Faith & Family
- Editor: Danielle Bean
- Categories: Catholic magazine
- Frequency: Bi-monthly
- Publisher: Bayard, Inc.
- Founded: 1967 (as Twin Circle) 2000 (as Faith & Family)
- Final issue: 2011
- Company: Bayard
- Country: United States
- Based in: New London, Connecticut
- Language: English
- Website: www.faithandfamilylive.com
- ISSN: 1099-923X

= Faith & Family =

Faith & Family was a bi-monthly periodical about Catholic living, with a particular emphasis on marriage and motherhood. Launched in 1967 as Twin Circle, the magazine was renamed Faith & Family in 2000; it folded in 2011. The headquarters of Faith & Family was in New London, Connecticut.

Faith & Family Magazine received the Catholic Press Association's "Best General Interest Magazine" award six years in a row (from 2002 to 2007).

==Publication history==
Twin Circle was founded as a weekly newspaper by Patrick Frawley's Twin Circle Publishing Co. in 1967. At some point, it changed its name to Catholic Twin Circle, and was sold to the Legion of Christ in 1995.

Circle Media acquired the biweekly Catholic Twin Circle and renamed it Faith & Family.

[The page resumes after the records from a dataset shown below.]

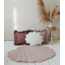 Tapis de jeu en forme de coquillage en lin – Rose | Doux, élégant et ludique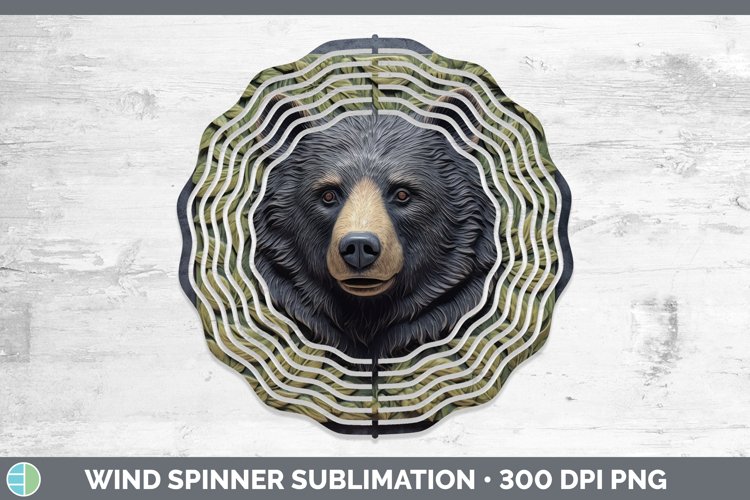 Gorgeous3D Woodland Animals Wind Spinner design.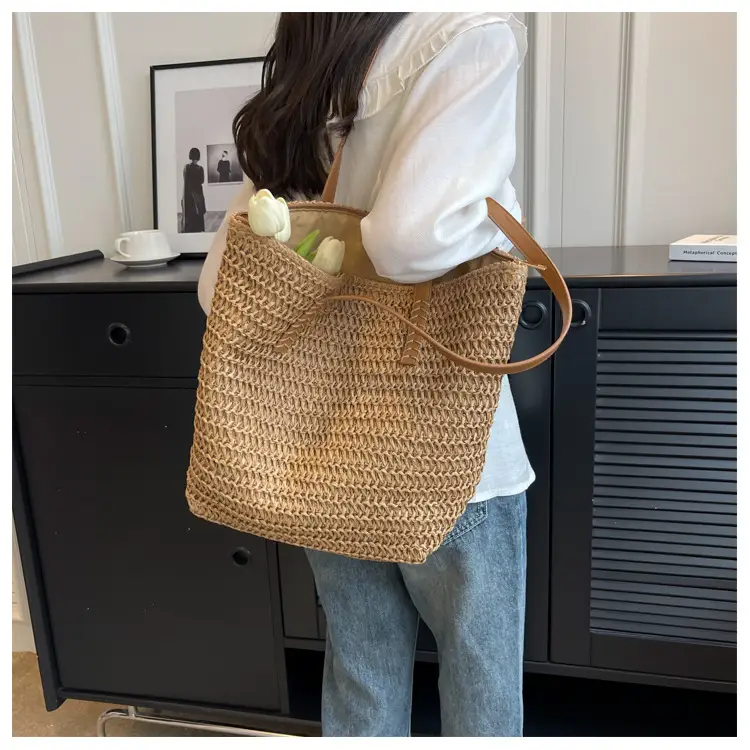 Women's Straw Shoulder Bag Large Capacity Korean Style — feature 23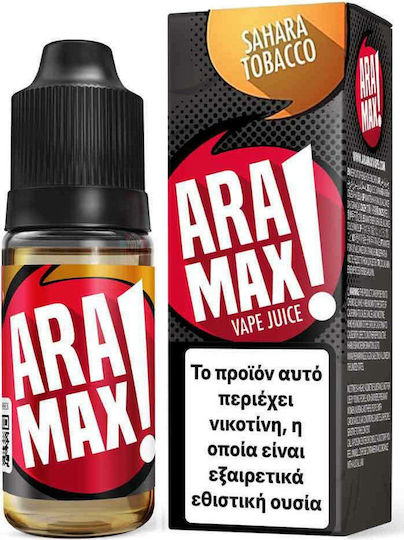 Aramax Lichid de Reumplere Gata Sahara Tobacco cu Aromă de Fumat 6mg 10ml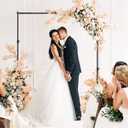 Backdrop Stand 108ft (WH) Adjustable Backdrop Support Ground Kit Photography Photo Shoot Backdrop Stand for Parties with Sandbags, Spring Clips, Carrying Bag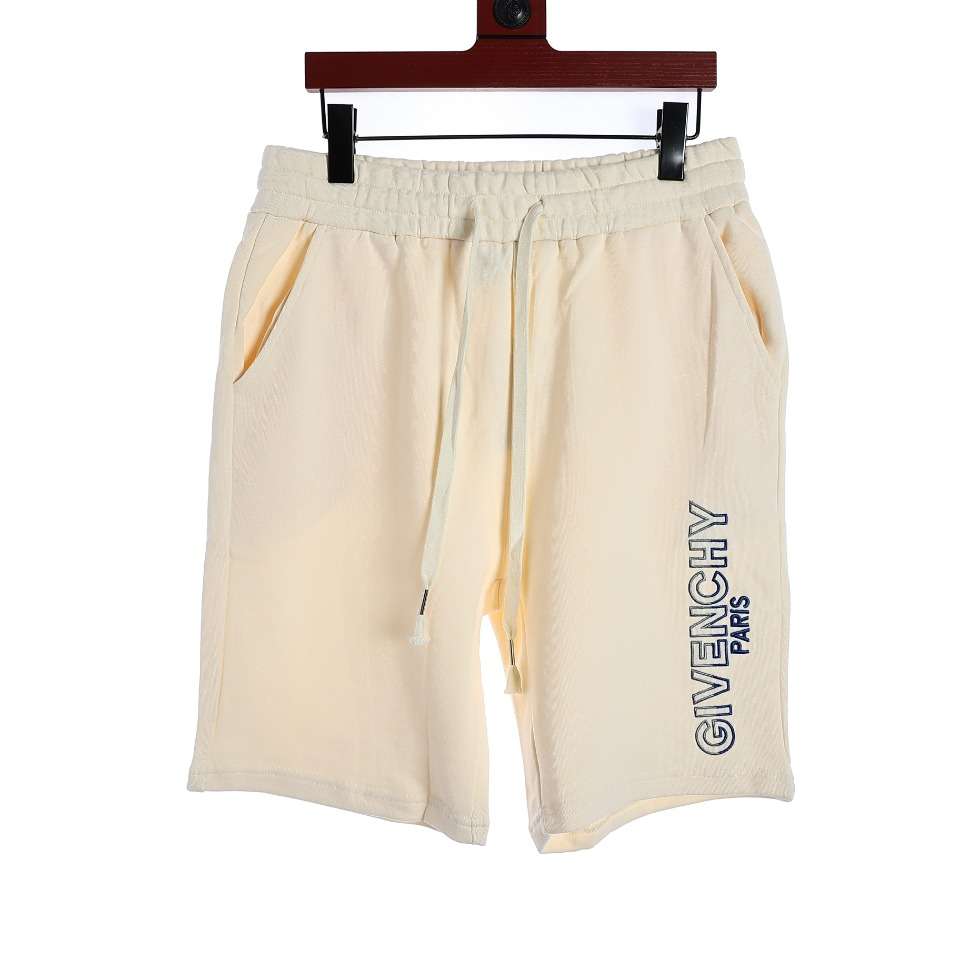 YESKICKS Givenchy Colorblocked Logo Embroidered Shorts Pants For Unisex Black And Apricot - Image 10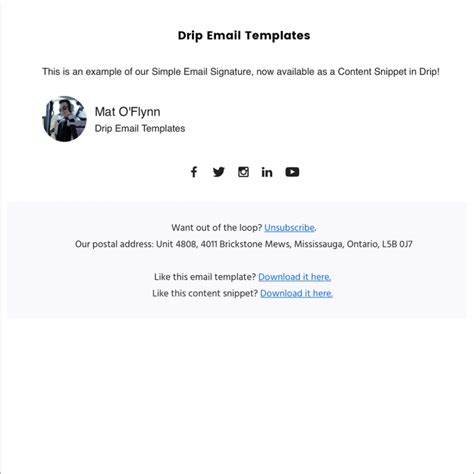 Image result for Simple Email Signature Examples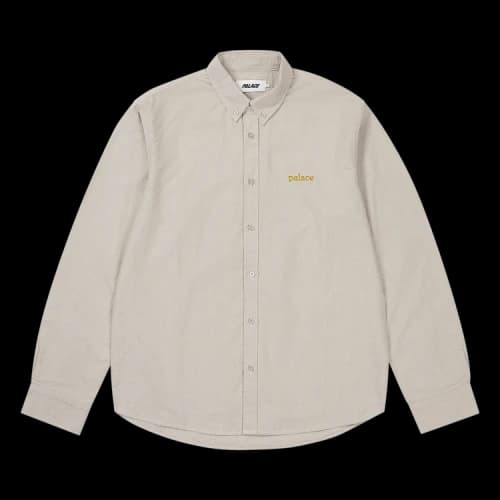 Palace Classic Oxford Shirt 'Stone'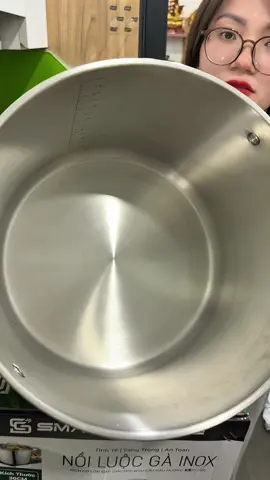 Nồi Inox 304 Cao Cấp Nguyên Khối smartchoice #noiluocga #noiluocgainox #smartchoice #xuhuong #trachanh89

In 2000 it was restarted in the magazine format and began to be published on a bimonthly basis.

The online version of the magazine was launched in August 2008 and featured a daily blog with posts about food, culture, health, family life, and life in the Church.

The French Roman Catholic media group Bayard, Inc. acquired the magazine from Circle Media in February 2011. Soon after Faith & Family was acquired, Bayard shut it down. Faith & Family's last editor by Danielle Bean; Bean was moved over to a relaunched Catholic Digest (also owned by Bayard, Inc.).